Scraped caption text data:

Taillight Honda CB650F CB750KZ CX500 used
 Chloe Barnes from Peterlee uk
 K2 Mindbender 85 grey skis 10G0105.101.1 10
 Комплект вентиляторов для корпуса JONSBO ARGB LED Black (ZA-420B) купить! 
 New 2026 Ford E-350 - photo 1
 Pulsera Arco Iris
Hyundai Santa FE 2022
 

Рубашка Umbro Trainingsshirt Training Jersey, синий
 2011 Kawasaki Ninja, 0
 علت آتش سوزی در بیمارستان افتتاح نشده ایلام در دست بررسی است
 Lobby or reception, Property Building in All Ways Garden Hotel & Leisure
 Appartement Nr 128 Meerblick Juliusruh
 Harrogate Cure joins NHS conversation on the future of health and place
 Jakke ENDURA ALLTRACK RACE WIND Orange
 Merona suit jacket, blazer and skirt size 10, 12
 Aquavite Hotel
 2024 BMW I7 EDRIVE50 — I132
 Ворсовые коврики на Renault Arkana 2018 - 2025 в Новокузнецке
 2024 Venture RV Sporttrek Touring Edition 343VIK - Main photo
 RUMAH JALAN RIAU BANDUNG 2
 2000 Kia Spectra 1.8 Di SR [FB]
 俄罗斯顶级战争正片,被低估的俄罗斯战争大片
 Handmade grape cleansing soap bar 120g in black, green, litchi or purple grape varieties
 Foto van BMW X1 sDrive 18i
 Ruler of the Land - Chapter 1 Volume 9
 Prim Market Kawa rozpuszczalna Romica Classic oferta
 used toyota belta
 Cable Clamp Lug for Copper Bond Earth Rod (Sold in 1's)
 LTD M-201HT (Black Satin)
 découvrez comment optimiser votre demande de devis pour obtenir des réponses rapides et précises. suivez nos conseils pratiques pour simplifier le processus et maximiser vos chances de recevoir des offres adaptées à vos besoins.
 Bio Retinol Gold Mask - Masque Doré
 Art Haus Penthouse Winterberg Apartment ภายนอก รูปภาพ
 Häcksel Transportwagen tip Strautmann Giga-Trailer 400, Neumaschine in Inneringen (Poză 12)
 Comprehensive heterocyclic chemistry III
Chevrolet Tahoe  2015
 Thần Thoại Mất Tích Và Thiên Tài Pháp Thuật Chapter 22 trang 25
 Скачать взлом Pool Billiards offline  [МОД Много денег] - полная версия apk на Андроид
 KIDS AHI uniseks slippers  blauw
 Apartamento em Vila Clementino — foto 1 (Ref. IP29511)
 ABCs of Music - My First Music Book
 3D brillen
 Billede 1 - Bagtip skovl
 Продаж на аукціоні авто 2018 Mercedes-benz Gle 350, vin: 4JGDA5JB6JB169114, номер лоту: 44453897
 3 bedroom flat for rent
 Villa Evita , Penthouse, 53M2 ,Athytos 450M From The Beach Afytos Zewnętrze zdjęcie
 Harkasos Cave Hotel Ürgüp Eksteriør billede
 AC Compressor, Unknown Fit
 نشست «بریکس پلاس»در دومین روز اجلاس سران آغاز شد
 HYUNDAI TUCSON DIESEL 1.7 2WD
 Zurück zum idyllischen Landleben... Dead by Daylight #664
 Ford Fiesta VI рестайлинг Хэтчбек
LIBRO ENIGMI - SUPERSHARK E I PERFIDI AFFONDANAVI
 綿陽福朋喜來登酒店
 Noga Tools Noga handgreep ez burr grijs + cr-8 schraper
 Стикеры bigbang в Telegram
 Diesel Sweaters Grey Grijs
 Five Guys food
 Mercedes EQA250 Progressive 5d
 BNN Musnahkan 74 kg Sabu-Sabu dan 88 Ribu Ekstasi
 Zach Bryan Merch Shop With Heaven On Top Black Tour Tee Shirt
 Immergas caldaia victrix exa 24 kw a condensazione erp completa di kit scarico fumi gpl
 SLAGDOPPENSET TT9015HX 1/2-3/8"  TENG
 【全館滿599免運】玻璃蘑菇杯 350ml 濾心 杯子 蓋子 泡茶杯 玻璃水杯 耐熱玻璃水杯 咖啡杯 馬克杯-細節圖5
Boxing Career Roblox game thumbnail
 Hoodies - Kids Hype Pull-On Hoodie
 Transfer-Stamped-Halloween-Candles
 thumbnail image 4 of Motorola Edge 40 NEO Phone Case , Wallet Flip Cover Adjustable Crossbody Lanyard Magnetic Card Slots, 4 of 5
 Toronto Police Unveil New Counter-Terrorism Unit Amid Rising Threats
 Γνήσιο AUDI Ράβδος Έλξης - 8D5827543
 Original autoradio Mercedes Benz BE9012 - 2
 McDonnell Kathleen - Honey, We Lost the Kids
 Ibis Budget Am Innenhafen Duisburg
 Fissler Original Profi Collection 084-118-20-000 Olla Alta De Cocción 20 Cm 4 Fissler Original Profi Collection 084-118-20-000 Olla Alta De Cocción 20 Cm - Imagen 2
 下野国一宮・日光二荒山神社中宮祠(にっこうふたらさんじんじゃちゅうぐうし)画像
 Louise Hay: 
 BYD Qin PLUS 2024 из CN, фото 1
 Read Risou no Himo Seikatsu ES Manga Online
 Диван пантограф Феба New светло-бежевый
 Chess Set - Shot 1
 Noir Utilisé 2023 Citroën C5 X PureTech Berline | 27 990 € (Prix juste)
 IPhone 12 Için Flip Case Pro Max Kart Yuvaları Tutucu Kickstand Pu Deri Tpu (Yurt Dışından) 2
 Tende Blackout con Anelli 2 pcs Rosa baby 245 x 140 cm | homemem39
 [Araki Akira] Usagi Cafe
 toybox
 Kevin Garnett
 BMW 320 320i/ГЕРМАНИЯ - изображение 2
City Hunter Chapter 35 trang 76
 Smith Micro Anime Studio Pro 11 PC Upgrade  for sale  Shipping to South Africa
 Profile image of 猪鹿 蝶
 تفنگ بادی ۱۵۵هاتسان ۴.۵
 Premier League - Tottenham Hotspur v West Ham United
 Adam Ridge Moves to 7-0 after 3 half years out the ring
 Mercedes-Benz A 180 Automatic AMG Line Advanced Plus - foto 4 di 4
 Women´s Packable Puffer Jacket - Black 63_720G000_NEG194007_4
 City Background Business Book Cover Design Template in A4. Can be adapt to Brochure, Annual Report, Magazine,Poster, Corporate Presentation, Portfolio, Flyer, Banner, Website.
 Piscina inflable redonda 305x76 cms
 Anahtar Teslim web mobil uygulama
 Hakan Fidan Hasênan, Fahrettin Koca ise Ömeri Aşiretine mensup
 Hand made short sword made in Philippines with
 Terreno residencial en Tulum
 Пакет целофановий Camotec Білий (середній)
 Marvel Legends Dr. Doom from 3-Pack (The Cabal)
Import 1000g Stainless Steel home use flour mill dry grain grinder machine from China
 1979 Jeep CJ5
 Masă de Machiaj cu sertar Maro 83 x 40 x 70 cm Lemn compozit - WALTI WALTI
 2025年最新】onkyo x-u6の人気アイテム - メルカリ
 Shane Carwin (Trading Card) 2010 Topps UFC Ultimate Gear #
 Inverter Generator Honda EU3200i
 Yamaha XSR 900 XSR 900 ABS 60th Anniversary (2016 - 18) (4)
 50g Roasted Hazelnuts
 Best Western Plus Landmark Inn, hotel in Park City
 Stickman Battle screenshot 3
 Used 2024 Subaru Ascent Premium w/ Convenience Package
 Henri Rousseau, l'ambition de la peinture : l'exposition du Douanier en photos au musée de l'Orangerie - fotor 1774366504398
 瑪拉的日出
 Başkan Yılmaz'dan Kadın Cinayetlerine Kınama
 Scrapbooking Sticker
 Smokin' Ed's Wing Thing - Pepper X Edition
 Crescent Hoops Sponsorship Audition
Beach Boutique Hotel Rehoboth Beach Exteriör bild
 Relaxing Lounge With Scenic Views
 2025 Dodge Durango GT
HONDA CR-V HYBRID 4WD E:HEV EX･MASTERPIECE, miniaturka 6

TASK GOAL:
What are the lines above that hold the string "thumbnail"? Copy them.

WRITTEN ANSWER:
Boxing Career Roblox game thumbnail
 thumbnail image 4 of Motorola Edge 40 NEO Phone Case , Wallet Flip Cover Adjustable Crossbody Lanyard Magnetic Card Slots, 4 of 5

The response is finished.